This one has some better names, a check for numbers as first character of an id selector and an extended test.
Cheers,

Rob.
Comment 21 Darin Adler 2007-07-08 05:10:04 PDT
Comment on attachment 15416 [details]
Improved patch and testcase

It's not portable to call isdigit on a 16-bit character and count on it returning false for non-ASCII values. In particular I think it either doesn't compile at all or warns on Windows. Instead the code should just compare the UChar to check if it's >= '0' and <= '9'. We should probably add some helpful ASCII versions of ctype.h functions too, because the ctype.h functions change their behavior based on the current locale and we really don't want that.

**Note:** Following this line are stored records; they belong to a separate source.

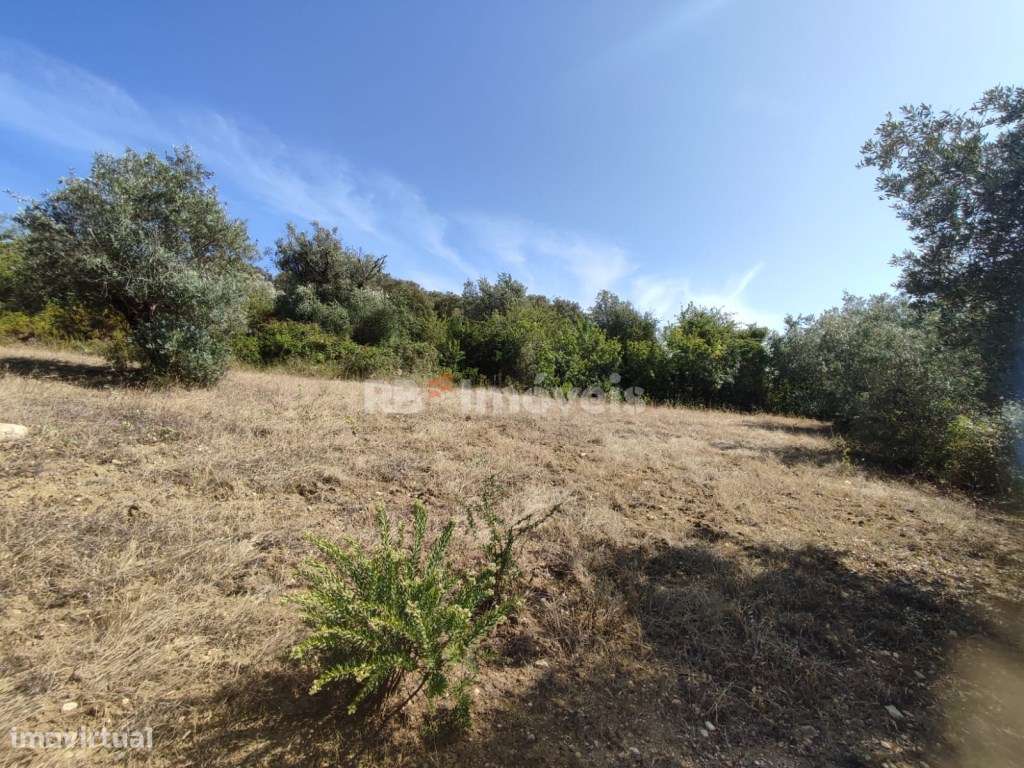 Terreno rústico com 4960m² - Sabrosa, Tomar - Grande imagem: 4/20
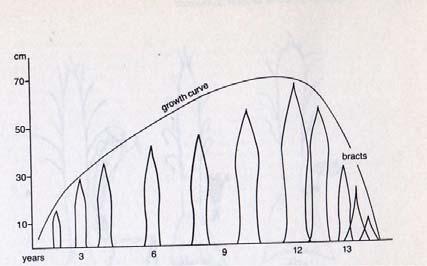 figura 5.2.5 Variación del crecimiento ontológico de la hoja de agave. (Gentry, 1982) También, si se llega a presentar la oportunidad, se puede hacer análisis botánico de la inflorescencia.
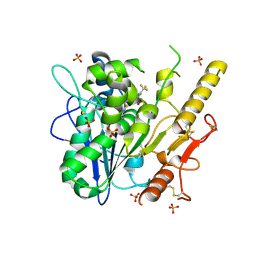 BU of 7pkv by Molmil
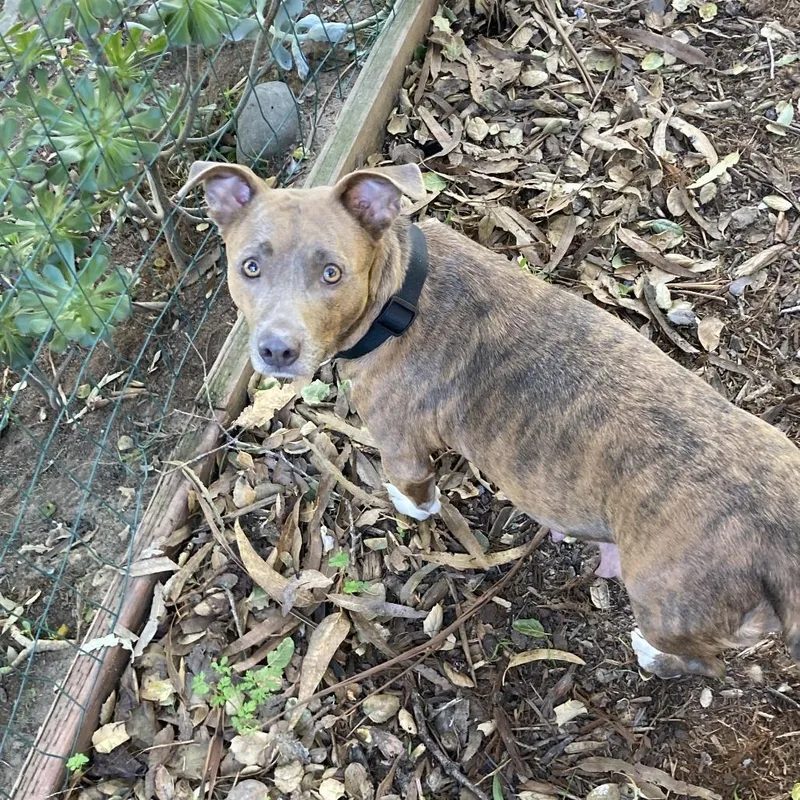 Brindi Mom thumbnail 3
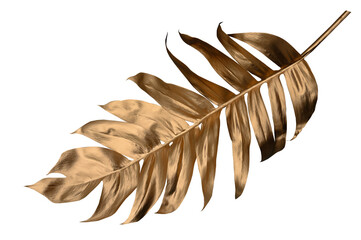 Golden tropical leaf PNG on transparent background Abstract monstera leaf decoration design, PNG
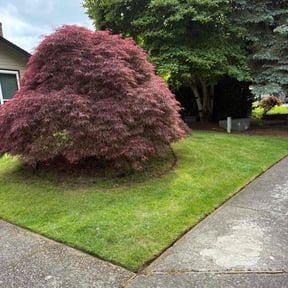 lawn maintenance by Chucks Cutz LLC reviewed on August 17, 2025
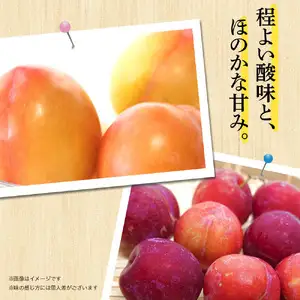 【2026年6月発送予定】九州・福岡フルーツ王国八女から直送！すもも約1.4kg｜＜配送不可：北海道・沖縄・離島＞ 数量限定 直送 1.4kg 旬 時期 すもも スモモ 果物 くだもの フルーツ デザート ジューシー 甘酸っぱい 家族団らん 冷蔵 九州 福岡県 八女市 072-163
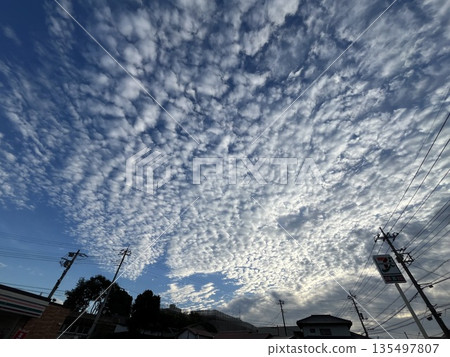 沙丁魚雲☆mar_lapin 沙丁魚雲☆mar_lapin 135497807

I think Sam Weinig is working on that.

Sorry to keep nitpicking this, but I still don't think that HASH is a clear name for one of two different tokens that both start with "#". My original comment still stands -- every code path for IDSEL and HASH is identical and it's not helpful that the lexer gives two different tokens for these two different cases. They should be combined into a single token. I think HASH *would* be a reasonable name for that single token.
Comment 22 Rob Buis 2007-07-08 09:27:45 PDT
Hi Darin,

(In reply to comment #21)
> (From update of attachment 15416 [details] [edit])
> It's not portable to call isdigit on a 16-bit character and count on it
> returning false for non-ASCII values. In particular I think it either doesn't
> compile at all or warns on Windows. Instead the code should just compare the
> UChar to check if it's >= '0' and <= '9'. We should probably add some helpful
> ASCII versions of ctype.h functions too, because the ctype.h functions change
> their behavior based on the current locale and we really don't want that. I
> think Sam Weinig is working on that.

Right, not using isdigit anymore in my upcoming patch.

> Sorry to keep nitpicking this, but I still don't think that HASH is a clear
> name for one of two different tokens that both start with "#". My original

I am going for the name HEX for now.

> comment still stands -- every code path for IDSEL and HASH is identical and
> it's not helpful that the lexer gives two different tokens for these two
> different cases. They should be combined into a single token. I think HASH
> *would* be a reasonable name for that single token.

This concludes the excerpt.